■ **Input data**
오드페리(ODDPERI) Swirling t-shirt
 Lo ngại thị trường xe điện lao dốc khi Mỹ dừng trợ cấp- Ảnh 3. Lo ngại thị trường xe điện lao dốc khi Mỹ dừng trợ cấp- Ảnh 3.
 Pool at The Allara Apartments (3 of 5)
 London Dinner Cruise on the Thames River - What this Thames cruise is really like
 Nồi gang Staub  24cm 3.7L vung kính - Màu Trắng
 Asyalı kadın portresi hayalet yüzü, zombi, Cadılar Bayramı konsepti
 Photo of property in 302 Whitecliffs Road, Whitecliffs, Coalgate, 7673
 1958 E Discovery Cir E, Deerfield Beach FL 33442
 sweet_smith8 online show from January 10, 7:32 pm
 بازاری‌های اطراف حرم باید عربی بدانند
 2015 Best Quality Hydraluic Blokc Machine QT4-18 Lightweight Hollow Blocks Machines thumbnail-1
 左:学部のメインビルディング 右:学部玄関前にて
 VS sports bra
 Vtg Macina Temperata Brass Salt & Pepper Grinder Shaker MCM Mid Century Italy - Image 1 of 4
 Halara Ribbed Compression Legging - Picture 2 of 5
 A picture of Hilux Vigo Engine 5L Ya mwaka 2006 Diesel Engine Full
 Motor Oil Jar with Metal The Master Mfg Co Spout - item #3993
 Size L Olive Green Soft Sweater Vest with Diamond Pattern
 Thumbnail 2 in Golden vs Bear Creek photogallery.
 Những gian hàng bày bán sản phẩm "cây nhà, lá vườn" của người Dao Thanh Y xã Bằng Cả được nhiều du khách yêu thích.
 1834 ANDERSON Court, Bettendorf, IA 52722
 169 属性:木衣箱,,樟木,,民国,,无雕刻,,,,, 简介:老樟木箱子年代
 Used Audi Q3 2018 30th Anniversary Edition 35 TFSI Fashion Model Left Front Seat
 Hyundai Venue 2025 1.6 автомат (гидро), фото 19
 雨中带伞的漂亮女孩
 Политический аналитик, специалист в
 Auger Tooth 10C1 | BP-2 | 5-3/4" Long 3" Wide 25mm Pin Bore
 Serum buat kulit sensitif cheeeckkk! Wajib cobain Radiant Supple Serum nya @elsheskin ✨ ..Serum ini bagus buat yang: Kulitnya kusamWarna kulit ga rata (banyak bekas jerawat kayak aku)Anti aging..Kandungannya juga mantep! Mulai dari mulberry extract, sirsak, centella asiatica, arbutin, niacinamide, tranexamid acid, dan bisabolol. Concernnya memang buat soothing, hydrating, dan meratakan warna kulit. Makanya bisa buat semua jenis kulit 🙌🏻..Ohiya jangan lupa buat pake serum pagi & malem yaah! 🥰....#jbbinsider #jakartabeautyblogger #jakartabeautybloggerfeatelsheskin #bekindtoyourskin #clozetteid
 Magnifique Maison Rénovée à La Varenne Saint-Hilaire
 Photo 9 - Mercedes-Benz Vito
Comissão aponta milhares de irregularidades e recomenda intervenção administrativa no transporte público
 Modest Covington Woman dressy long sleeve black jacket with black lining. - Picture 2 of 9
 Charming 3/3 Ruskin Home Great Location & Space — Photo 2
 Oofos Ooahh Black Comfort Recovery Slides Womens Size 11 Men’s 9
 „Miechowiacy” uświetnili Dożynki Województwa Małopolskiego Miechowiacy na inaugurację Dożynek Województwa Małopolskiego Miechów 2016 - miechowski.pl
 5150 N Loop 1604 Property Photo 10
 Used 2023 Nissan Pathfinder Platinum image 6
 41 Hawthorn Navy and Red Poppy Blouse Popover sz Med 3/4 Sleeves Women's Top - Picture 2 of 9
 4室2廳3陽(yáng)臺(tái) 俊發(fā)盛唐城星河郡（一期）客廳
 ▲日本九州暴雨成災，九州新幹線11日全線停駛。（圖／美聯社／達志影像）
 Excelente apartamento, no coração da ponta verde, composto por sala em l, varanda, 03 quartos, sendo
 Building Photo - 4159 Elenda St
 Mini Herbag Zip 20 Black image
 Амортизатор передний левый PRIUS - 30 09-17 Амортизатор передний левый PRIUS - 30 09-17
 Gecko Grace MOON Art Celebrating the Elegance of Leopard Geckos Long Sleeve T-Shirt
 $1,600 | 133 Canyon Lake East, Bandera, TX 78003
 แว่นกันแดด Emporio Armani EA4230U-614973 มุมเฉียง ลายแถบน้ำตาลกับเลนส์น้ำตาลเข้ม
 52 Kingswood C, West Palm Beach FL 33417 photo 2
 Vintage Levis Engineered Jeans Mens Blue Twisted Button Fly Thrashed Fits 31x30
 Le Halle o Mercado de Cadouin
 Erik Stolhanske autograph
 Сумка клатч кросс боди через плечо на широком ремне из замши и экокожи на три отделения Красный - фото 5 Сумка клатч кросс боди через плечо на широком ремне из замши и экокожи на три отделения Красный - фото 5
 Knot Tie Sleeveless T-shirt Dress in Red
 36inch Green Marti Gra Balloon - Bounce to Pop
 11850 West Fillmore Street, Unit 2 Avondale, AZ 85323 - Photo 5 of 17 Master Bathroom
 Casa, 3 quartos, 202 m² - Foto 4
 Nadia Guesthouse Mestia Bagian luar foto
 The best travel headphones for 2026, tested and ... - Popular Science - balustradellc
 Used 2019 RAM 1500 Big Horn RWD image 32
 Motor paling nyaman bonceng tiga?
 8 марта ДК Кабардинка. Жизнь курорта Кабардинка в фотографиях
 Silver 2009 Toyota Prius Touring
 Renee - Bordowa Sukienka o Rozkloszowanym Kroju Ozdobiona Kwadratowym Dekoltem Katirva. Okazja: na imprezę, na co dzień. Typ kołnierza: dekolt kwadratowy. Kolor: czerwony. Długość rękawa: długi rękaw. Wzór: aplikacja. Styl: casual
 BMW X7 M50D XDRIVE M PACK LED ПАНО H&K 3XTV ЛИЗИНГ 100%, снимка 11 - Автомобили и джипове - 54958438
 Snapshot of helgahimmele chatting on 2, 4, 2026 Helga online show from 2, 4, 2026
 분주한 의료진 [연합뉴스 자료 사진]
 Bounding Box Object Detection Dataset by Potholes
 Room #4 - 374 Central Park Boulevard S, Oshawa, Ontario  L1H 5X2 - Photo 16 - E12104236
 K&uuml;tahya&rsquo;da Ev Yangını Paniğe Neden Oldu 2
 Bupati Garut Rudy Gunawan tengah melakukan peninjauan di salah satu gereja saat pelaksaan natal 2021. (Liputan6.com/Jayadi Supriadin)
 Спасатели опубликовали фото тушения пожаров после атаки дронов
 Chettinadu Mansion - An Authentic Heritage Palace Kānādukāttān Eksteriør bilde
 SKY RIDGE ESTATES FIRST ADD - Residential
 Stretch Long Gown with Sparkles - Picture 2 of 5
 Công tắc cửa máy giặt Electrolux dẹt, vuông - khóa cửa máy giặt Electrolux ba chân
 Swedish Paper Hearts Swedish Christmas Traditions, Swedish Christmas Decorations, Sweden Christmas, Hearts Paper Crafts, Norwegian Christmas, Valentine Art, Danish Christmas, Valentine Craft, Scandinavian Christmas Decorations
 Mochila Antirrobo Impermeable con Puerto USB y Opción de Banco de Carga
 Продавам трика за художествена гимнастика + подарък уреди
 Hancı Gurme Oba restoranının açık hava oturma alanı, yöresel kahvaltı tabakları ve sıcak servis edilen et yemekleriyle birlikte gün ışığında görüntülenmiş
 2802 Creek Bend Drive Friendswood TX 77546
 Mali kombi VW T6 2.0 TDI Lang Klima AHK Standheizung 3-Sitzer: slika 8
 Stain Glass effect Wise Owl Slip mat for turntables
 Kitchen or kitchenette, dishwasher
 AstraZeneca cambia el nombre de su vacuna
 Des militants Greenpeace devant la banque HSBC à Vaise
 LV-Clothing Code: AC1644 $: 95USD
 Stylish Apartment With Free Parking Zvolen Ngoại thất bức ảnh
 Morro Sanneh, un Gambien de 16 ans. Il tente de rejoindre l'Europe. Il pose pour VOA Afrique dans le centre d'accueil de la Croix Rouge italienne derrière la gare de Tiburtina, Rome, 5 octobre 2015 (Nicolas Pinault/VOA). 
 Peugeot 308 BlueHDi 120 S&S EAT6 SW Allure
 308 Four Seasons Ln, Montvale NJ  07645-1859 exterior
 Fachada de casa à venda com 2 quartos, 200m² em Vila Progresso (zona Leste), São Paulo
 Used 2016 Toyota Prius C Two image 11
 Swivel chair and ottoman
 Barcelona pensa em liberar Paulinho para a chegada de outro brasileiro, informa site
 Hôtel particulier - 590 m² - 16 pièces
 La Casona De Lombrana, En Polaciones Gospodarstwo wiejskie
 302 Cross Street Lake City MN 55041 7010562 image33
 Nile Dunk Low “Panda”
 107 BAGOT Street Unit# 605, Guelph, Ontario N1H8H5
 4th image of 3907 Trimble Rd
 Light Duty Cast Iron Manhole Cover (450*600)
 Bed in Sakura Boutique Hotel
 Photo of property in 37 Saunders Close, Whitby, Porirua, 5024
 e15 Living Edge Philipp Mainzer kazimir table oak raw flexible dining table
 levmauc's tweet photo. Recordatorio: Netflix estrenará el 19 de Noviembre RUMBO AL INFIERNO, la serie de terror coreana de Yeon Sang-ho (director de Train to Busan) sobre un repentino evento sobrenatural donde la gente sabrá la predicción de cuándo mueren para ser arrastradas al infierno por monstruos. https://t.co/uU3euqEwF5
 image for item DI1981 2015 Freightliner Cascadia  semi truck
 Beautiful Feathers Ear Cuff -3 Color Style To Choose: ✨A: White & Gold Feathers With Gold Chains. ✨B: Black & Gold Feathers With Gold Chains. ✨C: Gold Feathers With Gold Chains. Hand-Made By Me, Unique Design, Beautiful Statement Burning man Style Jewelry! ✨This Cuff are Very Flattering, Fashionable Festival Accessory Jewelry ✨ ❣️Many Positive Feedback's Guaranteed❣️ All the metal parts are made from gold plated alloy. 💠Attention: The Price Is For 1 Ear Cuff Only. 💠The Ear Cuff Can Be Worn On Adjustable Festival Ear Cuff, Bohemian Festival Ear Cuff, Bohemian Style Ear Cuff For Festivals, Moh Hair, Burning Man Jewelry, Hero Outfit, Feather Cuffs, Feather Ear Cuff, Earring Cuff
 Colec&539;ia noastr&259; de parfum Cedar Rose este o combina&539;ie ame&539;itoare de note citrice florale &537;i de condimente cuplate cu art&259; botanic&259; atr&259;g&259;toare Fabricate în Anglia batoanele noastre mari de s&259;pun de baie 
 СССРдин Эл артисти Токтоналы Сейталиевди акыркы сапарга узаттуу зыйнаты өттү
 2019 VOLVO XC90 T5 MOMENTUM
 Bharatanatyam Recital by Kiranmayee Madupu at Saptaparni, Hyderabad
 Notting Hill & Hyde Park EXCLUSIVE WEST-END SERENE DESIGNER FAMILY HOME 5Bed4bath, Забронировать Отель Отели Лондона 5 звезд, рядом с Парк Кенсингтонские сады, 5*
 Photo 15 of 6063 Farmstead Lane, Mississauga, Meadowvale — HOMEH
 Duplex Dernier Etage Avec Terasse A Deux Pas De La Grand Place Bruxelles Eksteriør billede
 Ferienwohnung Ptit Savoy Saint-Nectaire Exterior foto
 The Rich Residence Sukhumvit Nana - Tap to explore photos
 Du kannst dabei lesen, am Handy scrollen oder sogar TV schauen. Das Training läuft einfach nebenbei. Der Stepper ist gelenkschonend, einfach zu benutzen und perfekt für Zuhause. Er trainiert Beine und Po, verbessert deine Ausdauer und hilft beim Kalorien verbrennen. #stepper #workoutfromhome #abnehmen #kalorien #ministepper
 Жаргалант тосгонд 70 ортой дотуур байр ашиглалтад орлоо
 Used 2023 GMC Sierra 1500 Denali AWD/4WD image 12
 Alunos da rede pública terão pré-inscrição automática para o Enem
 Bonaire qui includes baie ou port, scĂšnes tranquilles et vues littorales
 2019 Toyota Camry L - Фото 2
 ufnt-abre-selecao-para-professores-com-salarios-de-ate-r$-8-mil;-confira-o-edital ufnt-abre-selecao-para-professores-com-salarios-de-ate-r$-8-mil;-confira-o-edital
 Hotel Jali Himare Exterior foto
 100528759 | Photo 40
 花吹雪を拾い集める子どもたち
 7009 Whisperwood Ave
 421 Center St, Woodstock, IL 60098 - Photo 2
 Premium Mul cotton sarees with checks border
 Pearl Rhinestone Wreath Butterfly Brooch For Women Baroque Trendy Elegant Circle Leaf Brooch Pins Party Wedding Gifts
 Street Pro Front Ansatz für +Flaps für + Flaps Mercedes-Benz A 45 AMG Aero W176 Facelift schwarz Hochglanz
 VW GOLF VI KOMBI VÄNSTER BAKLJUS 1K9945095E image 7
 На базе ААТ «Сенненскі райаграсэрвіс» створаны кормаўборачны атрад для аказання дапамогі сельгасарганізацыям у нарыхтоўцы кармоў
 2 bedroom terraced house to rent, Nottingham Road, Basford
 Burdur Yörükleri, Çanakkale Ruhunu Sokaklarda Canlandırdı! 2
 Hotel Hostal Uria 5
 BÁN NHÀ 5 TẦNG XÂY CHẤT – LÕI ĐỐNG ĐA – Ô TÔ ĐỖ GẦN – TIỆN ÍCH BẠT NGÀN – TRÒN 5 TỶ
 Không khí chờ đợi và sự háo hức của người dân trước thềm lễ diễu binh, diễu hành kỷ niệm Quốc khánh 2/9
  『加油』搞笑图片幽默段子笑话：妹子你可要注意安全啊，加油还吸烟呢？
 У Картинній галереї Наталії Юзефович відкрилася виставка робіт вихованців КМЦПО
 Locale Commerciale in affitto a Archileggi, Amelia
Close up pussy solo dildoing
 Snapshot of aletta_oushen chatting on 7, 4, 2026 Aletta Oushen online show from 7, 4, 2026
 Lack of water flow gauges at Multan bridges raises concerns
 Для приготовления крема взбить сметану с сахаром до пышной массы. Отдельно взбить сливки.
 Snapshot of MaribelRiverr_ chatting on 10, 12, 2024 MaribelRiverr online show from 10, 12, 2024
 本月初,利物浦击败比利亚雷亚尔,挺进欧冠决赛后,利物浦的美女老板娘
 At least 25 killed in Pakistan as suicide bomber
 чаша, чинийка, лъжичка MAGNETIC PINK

■ **What the task requires**
From the opening line of the data above, please print each line as written up to and including the line that contains "Motor Oil Jar", and nothing more.

■ **Answer for this exercise**
오드페리(ODDPERI) Swirling t-shirt
 Lo ngại thị trường xe điện lao dốc khi Mỹ dừng trợ cấp- Ảnh 3. Lo ngại thị trường xe điện lao dốc khi Mỹ dừng trợ cấp- Ảnh 3.
 Pool at The Allara Apartments (3 of 5)
 London Dinner Cruise on the Thames River - What this Thames cruise is really like
 Nồi gang Staub  24cm 3.7L vung kính - Màu Trắng
 Asyalı kadın portresi hayalet yüzü, zombi, Cadılar Bayramı konsepti
 Photo of property in 302 Whitecliffs Road, Whitecliffs, Coalgate, 7673
 1958 E Discovery Cir E, Deerfield Beach FL 33442
 sweet_smith8 online show from January 10, 7:32 pm
 بازاری‌های اطراف حرم باید عربی بدانند
 2015 Best Quality Hydraluic Blokc Machine QT4-18 Lightweight Hollow Blocks Machines thumbnail-1
 左:学部のメインビルディング 右:学部玄関前にて
 VS sports bra
 Vtg Macina Temperata Brass Salt & Pepper Grinder Shaker MCM Mid Century Italy - Image 1 of 4
 Halara Ribbed Compression Legging - Picture 2 of 5
 A picture of Hilux Vigo Engine 5L Ya mwaka 2006 Diesel Engine Full
 Motor Oil Jar with Metal The Master Mfg Co Spout - item #3993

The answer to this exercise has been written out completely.